#### What is being asked:
After finding the line with "Disco De Lixa", restate it and each remaining line of the material word for word, omitting every picture.

#### Data shown:
※

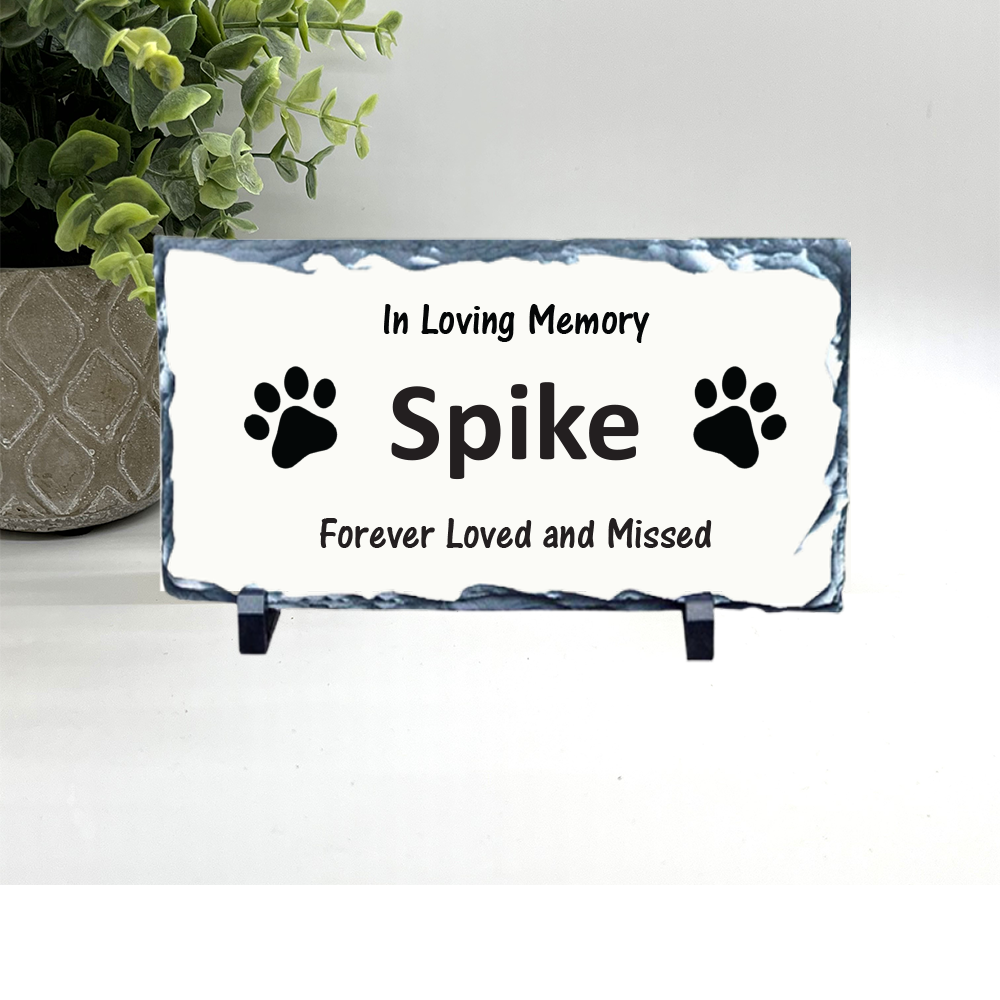 Pet Memorial Stone - Forever Loved and Missed - Dog Cat Memorial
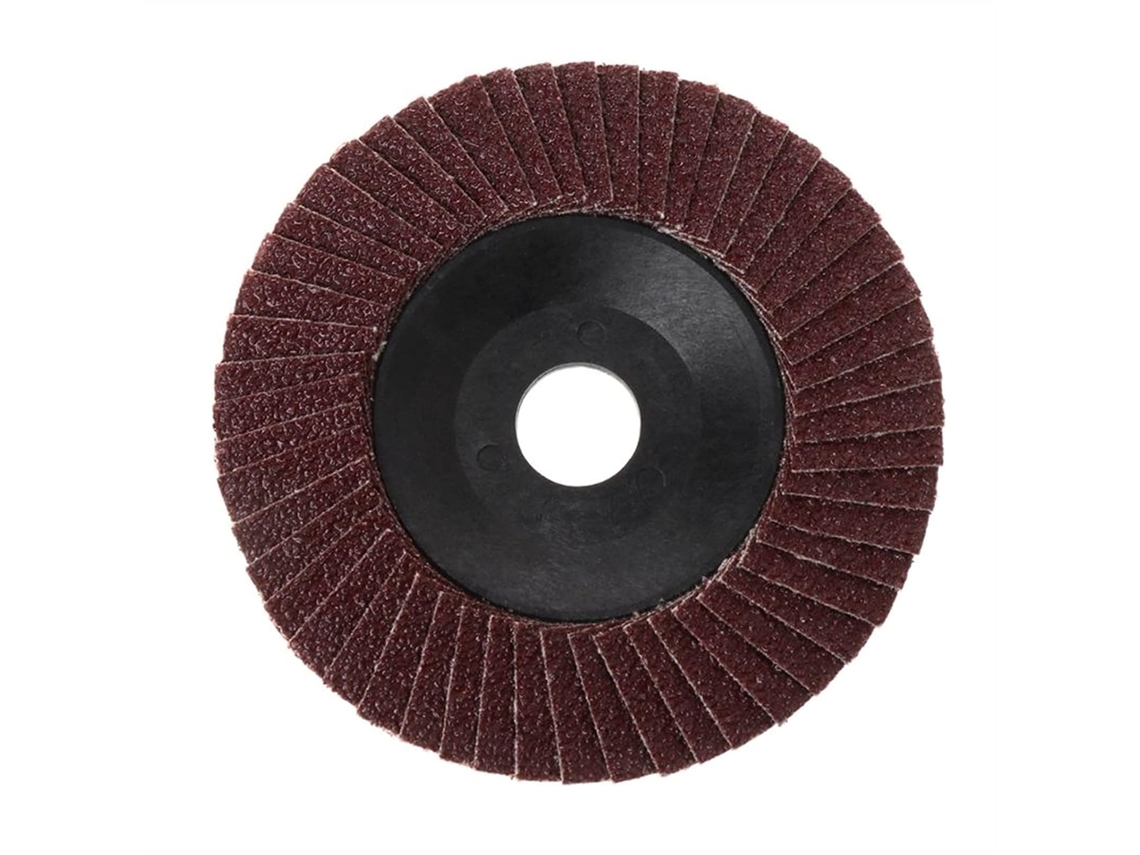 Disco De Lixa 100mm Para Polimento E Desbaste, Com Troca Rápida, Compatível Com Esmerilhadeiras Angulares De Grão 80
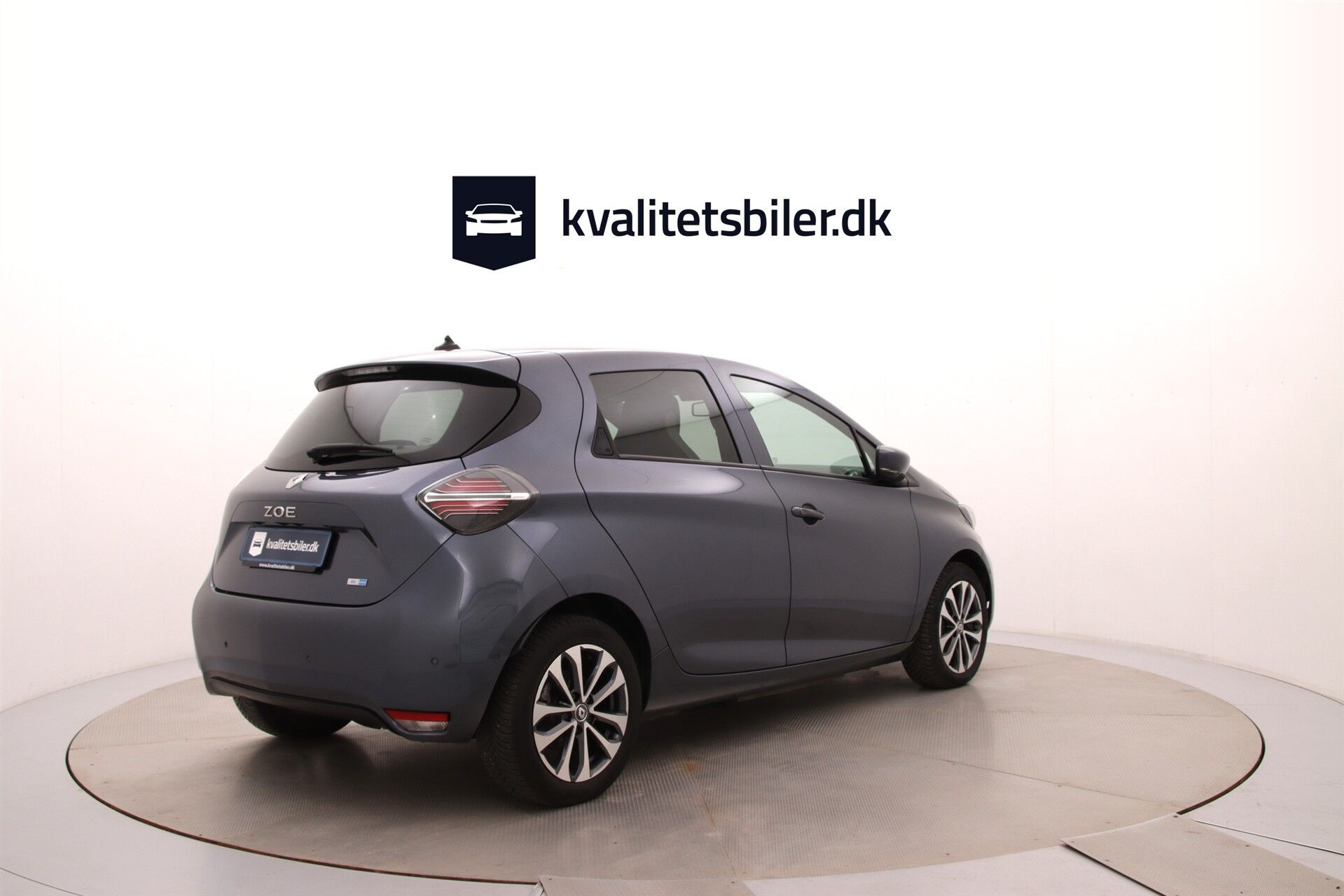 Grå Renault Zoe fra 2021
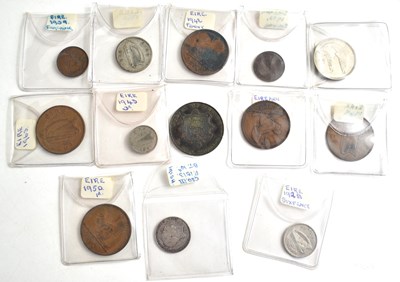 Lot 133 - A group of coins to include a George III Irish...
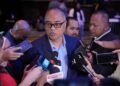 KETUA Pengarah Majlis Sukan Negara (MSN), Jefri Ngadiri ketika ditemu bual selepas Majlis Anugerah Persatuan Penulis-penulis Sukan (SAM) di sebuah hotel di sini, hari ini. - UTUSAN/SADDAM YUSOFF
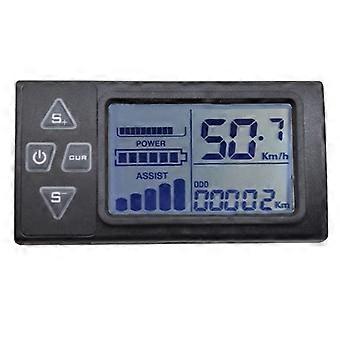 UUSI KUUMA varastossa - 36V 48V S861 litiumparistolla varustettu LCD-nestekidenäyttöinen sähköajoneuvon maastopyörän skootterin nopeusmittari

※

#### Result:
 Disco De Lixa 100mm Para Polimento E Desbaste, Com Troca Rápida, Compatível Com Esmerilhadeiras Angulares De Grão 80
 Grå Renault Zoe fra 2021
 Lot 133 - A group of coins to include a George III Irish...
 KETUA Pengarah Majlis Sukan Negara (MSN), Jefri Ngadiri ketika ditemu bual selepas Majlis Anugerah Persatuan Penulis-penulis Sukan (SAM) di sebuah hotel di sini, hari ini. - UTUSAN/SADDAM YUSOFF
 UUSI KUUMA varastossa - 36V 48V S861 litiumparistolla varustettu LCD-nestekidenäyttöinen sähköajoneuvon maastopyörän skootterin nopeusmittari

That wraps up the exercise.